# YOUR OBJECTIVE:
Your task is to copy the listing exactly. Drop any pictures from the copy.

# DATASET EXCERPT:
————

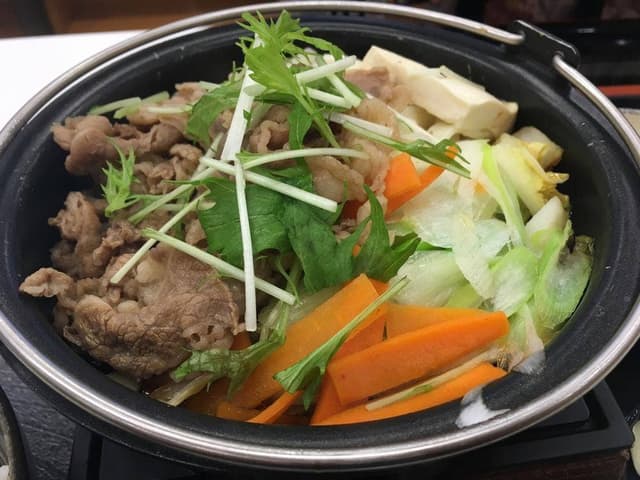 吉野家 4号線須賀川店 - サブ画像2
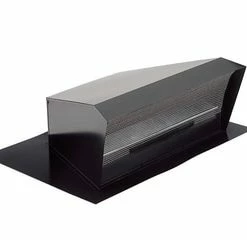 Deals 😍 Broan 1200 CFM Roof Cap in Black ❤️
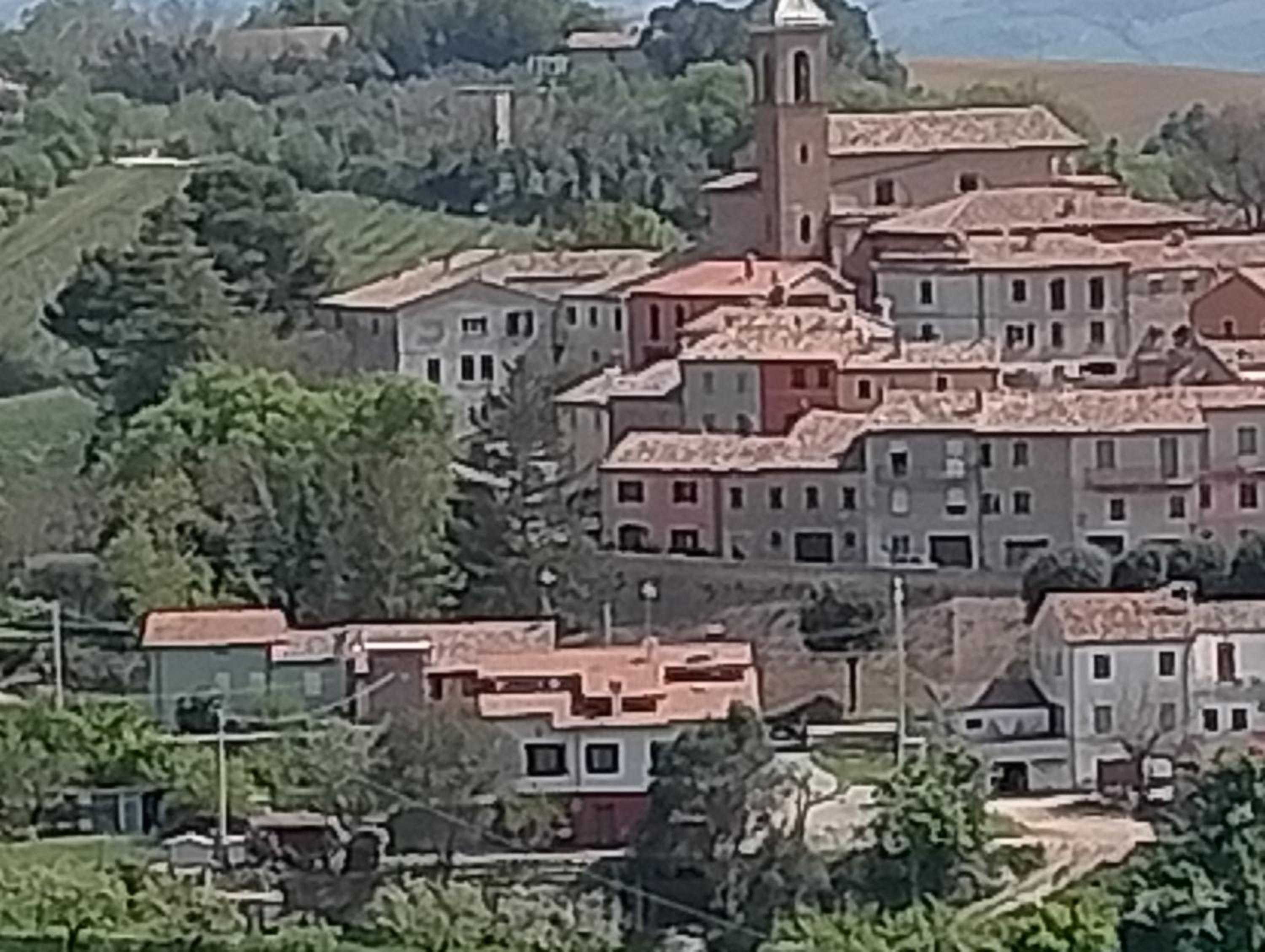 Appartamento Mameli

————

# RESPONSE BELOW:
 吉野家 4号線須賀川店 - サブ画像2
 Deals 😍 Broan 1200 CFM Roof Cap in Black ❤️
 Appartamento Mameli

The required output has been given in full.